> **Problem description**
Return the listing below verbatim. Pictures do not belong in the copy.

> **Data provided**
====

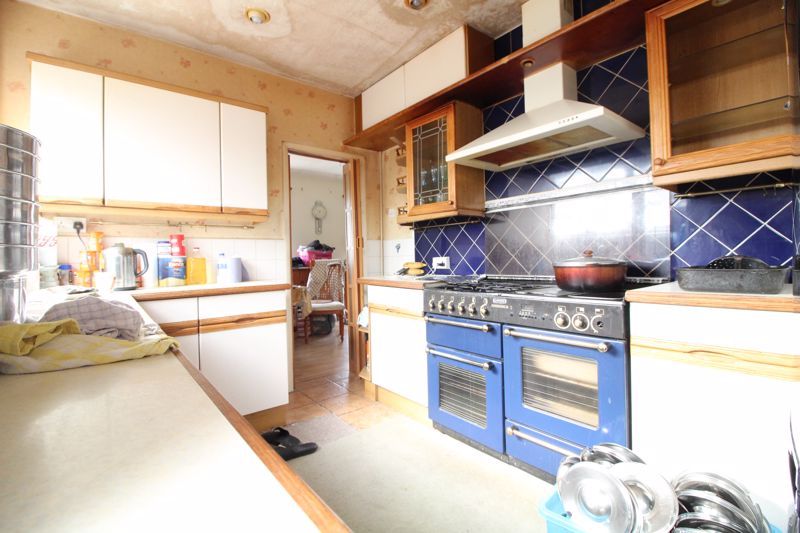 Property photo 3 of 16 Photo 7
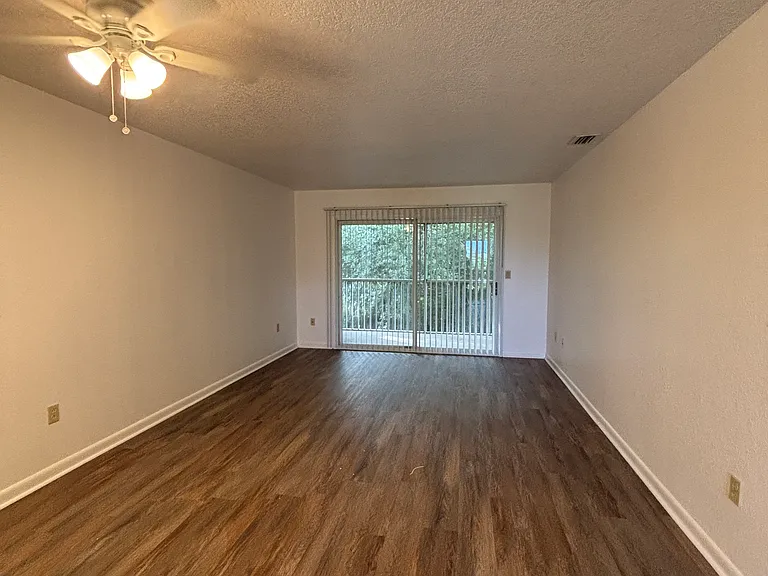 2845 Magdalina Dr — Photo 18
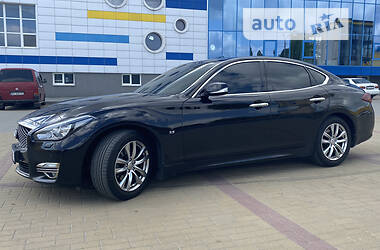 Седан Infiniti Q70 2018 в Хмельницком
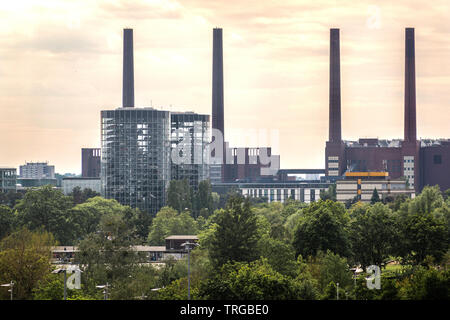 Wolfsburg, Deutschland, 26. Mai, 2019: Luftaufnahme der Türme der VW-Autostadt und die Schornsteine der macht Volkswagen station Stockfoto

====

> **Expected answer**
 Property photo 3 of 16 Photo 7
 2845 Magdalina Dr — Photo 18
 Седан Infiniti Q70 2018 в Хмельницком
 Wolfsburg, Deutschland, 26. Mai, 2019: Luftaufnahme der Türme der VW-Autostadt und die Schornsteine der macht Volkswagen station Stockfoto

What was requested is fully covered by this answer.